If you are looking at the pros and cons list above you could be forgiven for getting the impression that we somehow struggled to populate the cons list with a number of bullet points that comes at least close to what you can see in the pros department. You are not mistaken. The EOS 7D is an excellent addition to Canon's range of APS-C DSLRs that is, in terms of build quality, speed of operation, ergonomics and image quality, a cut above Canon's previous APS-C flagship, the EOS 50D.

VoltaicHD v 2.0

Back at the end of October, ShedWorx released version 2.0 of their AVCHD converter, VoltaicHD. New features for this release:
  1. ShedWorx now has an AVCHD Previewer which gives you a live preview of your movies.
  2. Edit your AVCHD movies prior to conversion.
  3. You can now send your movies direct to YouTube, iPhone, iPod and AppleTV.
  4. Improved conversion processing gives you even better quality results.
  5. Improved inverse telecine process for getting the best results from your 24p footage.

You can download a trial version. If you have a non-Intel Mac, or want to be able to reimport AVCHD files that are no longer in an AVCHD file structure (the only way you can import them into Final Cut Express and Pro) then VoltaicHD is worth checking out.

Apple TV Killers

Gizmodo says that the Apple TV sucks, even with the 3.0 update (and I have to agree; if you thought 2.0 sucked, then 3.0 isn't going to change that opinion.)

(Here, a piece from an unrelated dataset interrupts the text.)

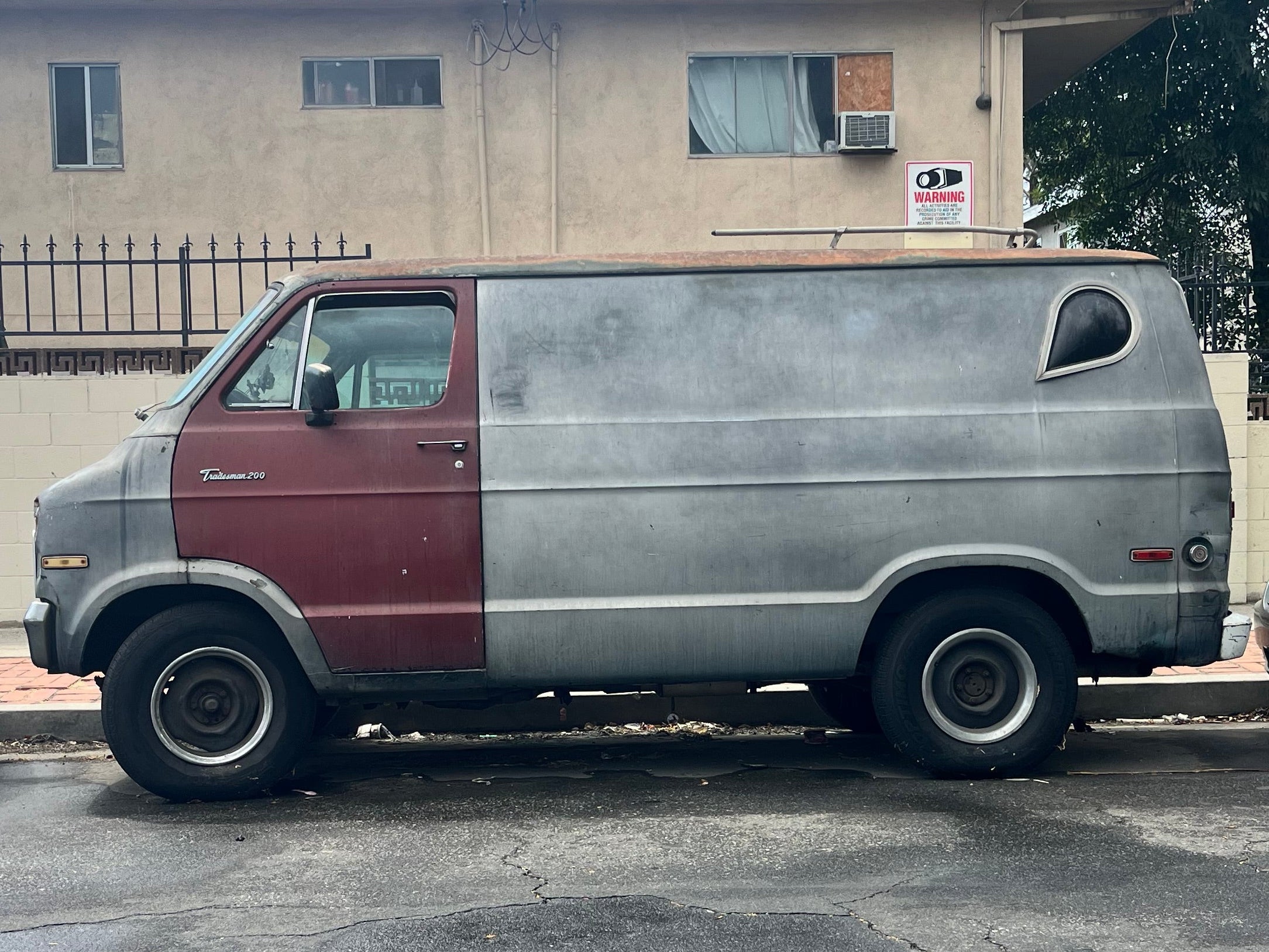 Trucks To Write On Zine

They've posted a comparison review of the WD TV Live, Seagate FreeAgnet Theater+, Popcorn Hour C-200, Patriot Box Office and Netgear Digital Entertainer Live in: HD Media Player Battlemodo: Apple TV Killers

Specs wise, the Popcorn Hour scores high, with the Patriot a close second, but in testing, the WD and Seagate were given the win (a tie.) The Popcorn does well with a third, but got dinged on price ($300 compared to the WD TV's $150.)

I did find it amusing that though the first paragraph says "When Apple TV 3.0 came out, we were unimpressed" the third paragraph begins:
This isn't about photos and music. Apple TV is better at both of those than any of this stuff

I've said this before, but I've been tempted to get a WD TV or WD TV Live, because of it's ability to play video files without having to go through another conversion step as I have to with the Apple TV. But I do that so infrequently, that it doesn't bother me enough right now...

Thursday, November 05, 2009

News November 5

Canon Tilt/Shit demo

B& H Photo has a write up (and demo video) of the new Canon Tilt/Shift lenses. The 17mm looks like one fun piece of glass, but it’s $2,500!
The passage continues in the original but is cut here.